Many halloween traditions, afterall, have cultural and religious ramifications. Day of the Dead imagery is pretty common in California at least (on a recent vet trip, the tech had day of the dead scrubs). There's arty skulls and skeletons available year round in some some gift/knick knack shops. I bet it would actually be a hit if I did it in my heavily latino neighborhood.


----------



## ter_ran (Jan 14, 2006)

I missed the airing but hopefully I can catch the re-runs. I was busy at a USC Fooball game! Woot woot! It was a great day yesterday and had fun! Hope to see what HGTV has to offer sometime today...


----------



## trentsketch (Aug 4, 2009)

> Can see your point.But a chicken is harmless..meaning it's pecking.
> I was raised on a farm and have been pecked but see your point.
> I would love live reindeers from a far but not in my yard.
> Moral implications?If your morals would bother you than you wouldn't rent them...you can't control or decide what morels someone else have.

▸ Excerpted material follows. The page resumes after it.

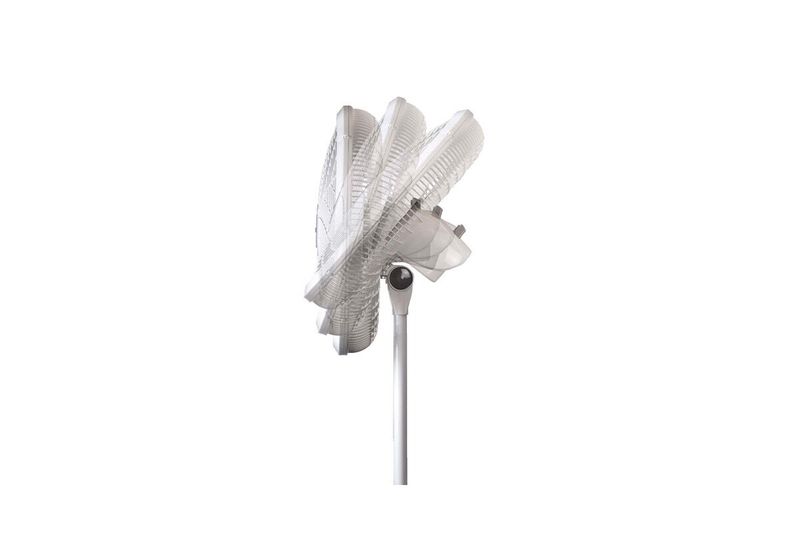 Abanico de pedestal 18 pulgadas 3 velocidades modelo M1820 blanco Lasko, vista lateral del cabezal y soporte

I don't want to get into this fight. I'll leave it at this: if you think it's fine to put a live creature in harm's way for a night of fun, go for it. If you think it's animal abuse to lock up creatures in cages and let kids scream at them all night, then don't.


----------



## halloween71 (Apr 22, 2007)

What are you talking about?
A fight ...? I am expressing my view point as someone who grew up on a farm.A farm where most of the animals are pinned up.They don't have alot of freedom.
Sorry but I am use to seeing animals pinned up.you must have not had this experience.
I never said I would do it I just said they were causing no harm to the chickens phyiscal wise.
But I am assuming they are from a petting zoo and use to people.
I really don't see what I posted that offended you.


----------



## Ghost of Spookie (Sep 28, 2008)

The HGTV show is not really a "haunted house decorating program" per se but a "party theme show done for the adults and kids in the neighborhood". So with that in mind I did like all three of the looks of the houses they did this year. Last year they had that pink candy house (Hansel and Gretel's witches lair) that I absolutely couldn't stand the outside of (the vampire house and the Ichabod Crane theme were pretty good) but it apparently went over pretty well in the neighborhood. I would have preferred a more adult looking carnival this year (since I was hoping for some ideas on that front) but that part of the house/yard layout was more for the kids and I think all the kids probably enjoyed it a lot and had fun making it. I think when kids want to get involved in decorating their yard it's good to let them put their own stamp on a part of it otherwise they might be discouraged from doing anything else and feel bad about what they've made or could make.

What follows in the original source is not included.